───── DATASET EXTRACT ─────

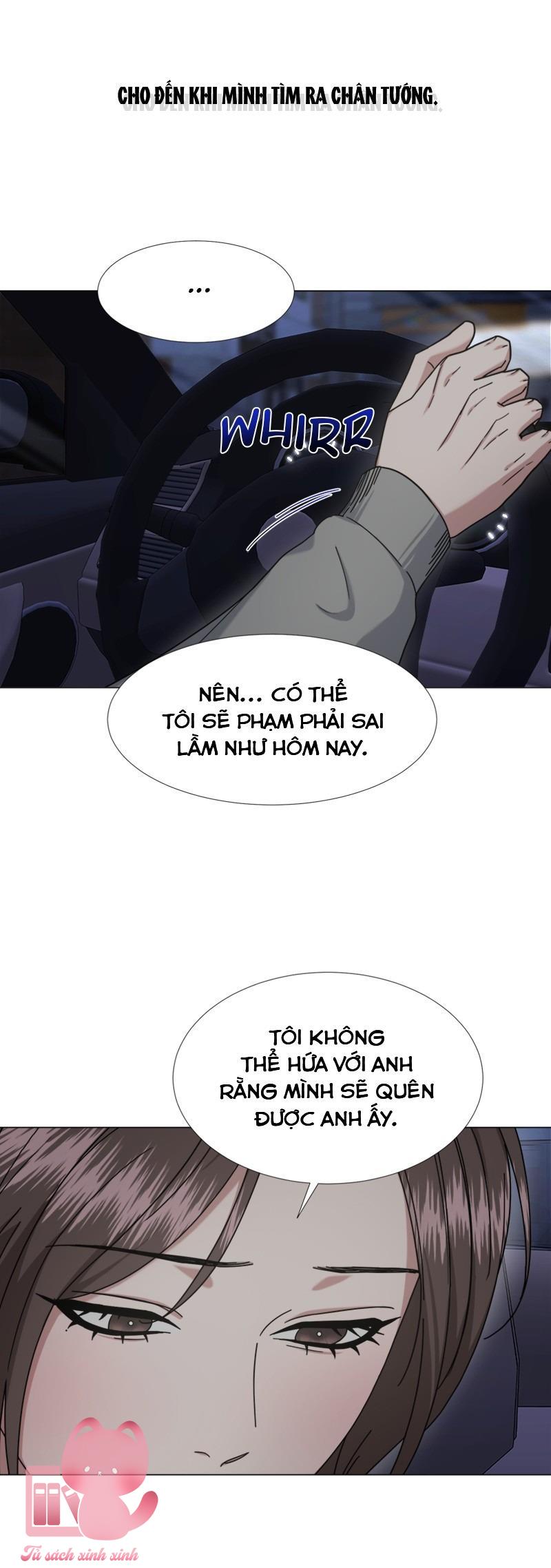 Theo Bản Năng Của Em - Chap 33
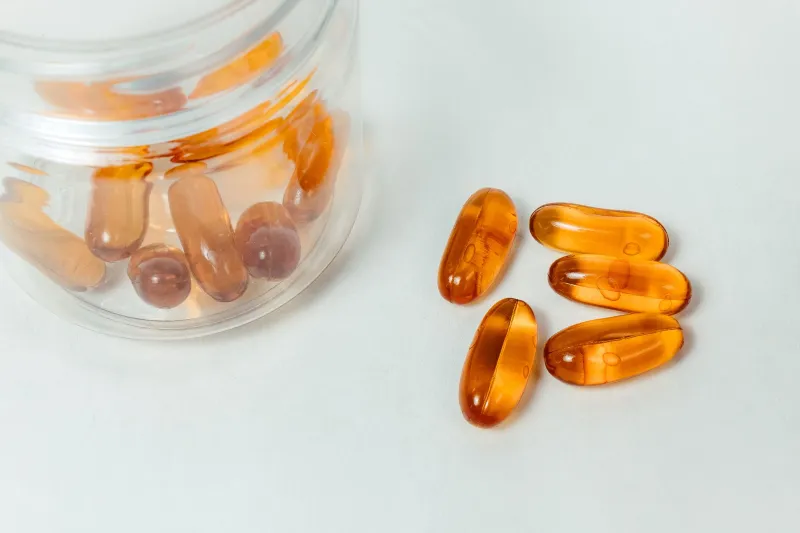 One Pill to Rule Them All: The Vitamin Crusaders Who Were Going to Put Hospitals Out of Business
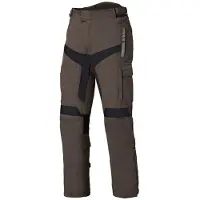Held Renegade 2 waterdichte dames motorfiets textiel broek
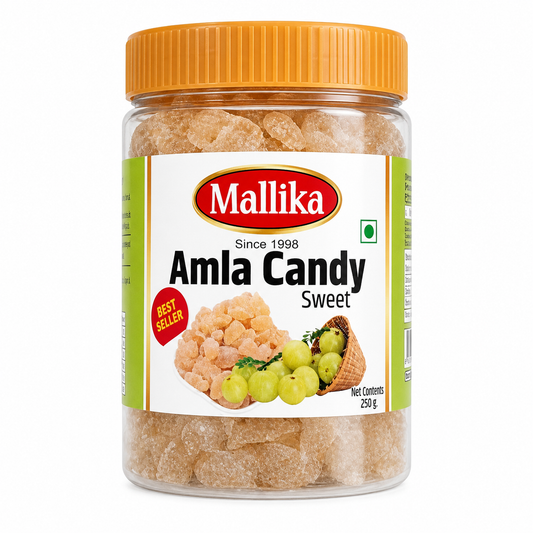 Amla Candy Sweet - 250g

─────

WHAT NEEDS TO BE DONE: Word for word, repeat only the lines from the line containing "Held Renegade 2" through the end of the data, without any pictures.

YOUR SOLUTION:
Held Renegade 2 waterdichte dames motorfiets textiel broek
 Amla Candy Sweet - 250g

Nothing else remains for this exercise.